The glorious master plan was to finish HMMER4 while hoping that HMMER3 stayed stable. Alas, HMMER4 development has been even slower than expected, and bugs and bitrot have accumulated on HMMER3. Here’s a new HMMER 3.2 release to tide us all over. I’m managing HMMER releases again, with Travis Wheeler having moved a while ago to a faculty position at U. Montana.
It’s come to my attention (one helpful email, plus some snarky subtweets) that the
--cpu flag of HMMER3 search programs may have a bad interaction with some cluster management software.
--cpu n argument is documented as the “number of parallel CPU workers to use for multithreads”. Typically, you want to set
n to the number of CPUs you want to use on average.
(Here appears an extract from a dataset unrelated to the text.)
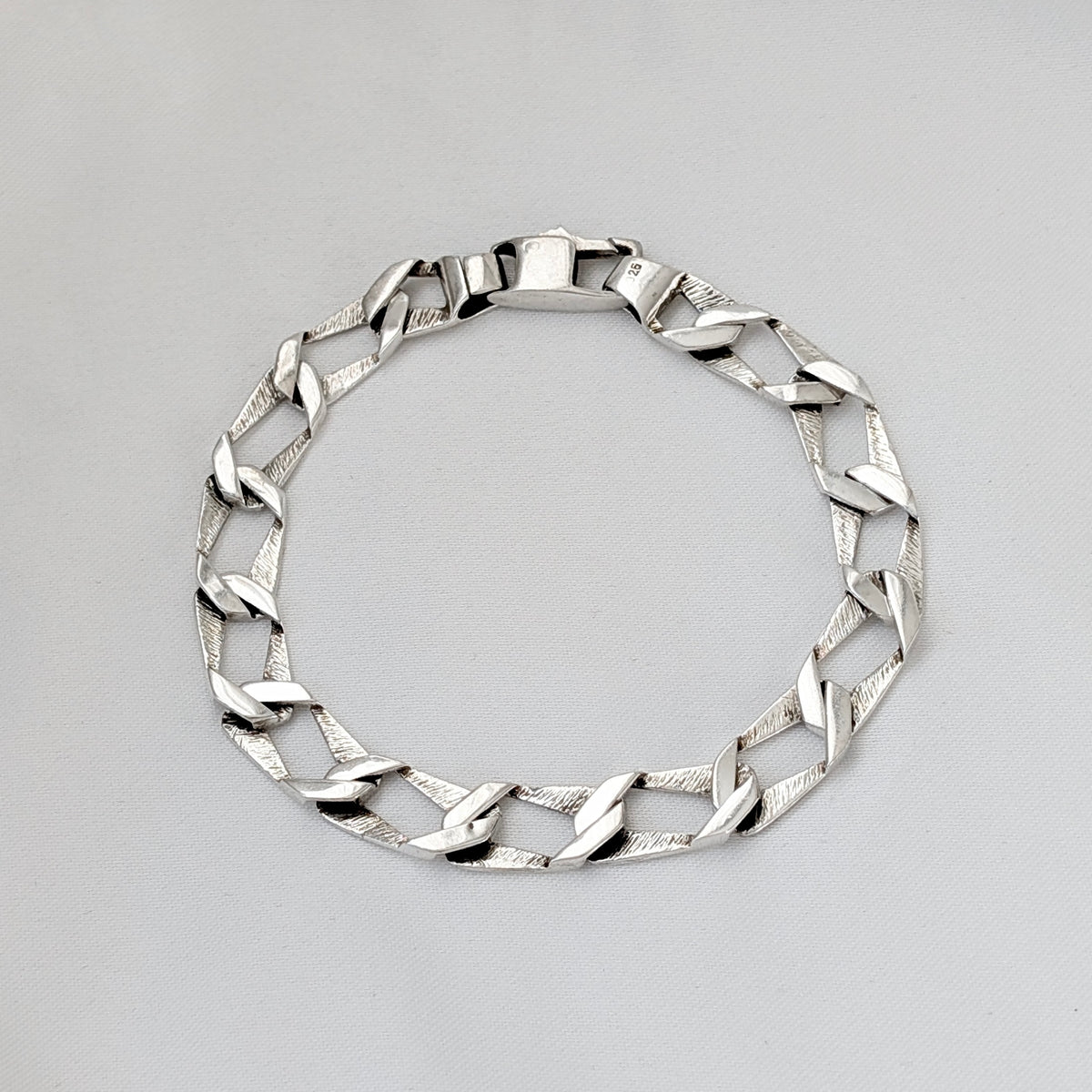 A Modernist Sterling Silver Faceted Curb Link Bracelet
But it is not the total number of threads that HMMER creates, because HMMER may also create additional threads that aren’t CPU-intensive. The number of threads that most HMMER3 programs will use is currently
n+1, I believe. The HMMER4 prototype is currently using
n+3, I believe.
The reason for the
+1 is that we have a master/worker parallelization scheme, with one master and n workers. The master is disk intensive (responsible for input/output), and the workers are CPU intensive.
The reason for the
+3 is that we are making more and more use of a technique called asynchronous threaded input to accelerate reading of data from disk. We fork off a thread dedicated to reading input, and it reads ahead while other stuff is happening. Another thread, in our current design, is there for decompression, if necessitated by the input file.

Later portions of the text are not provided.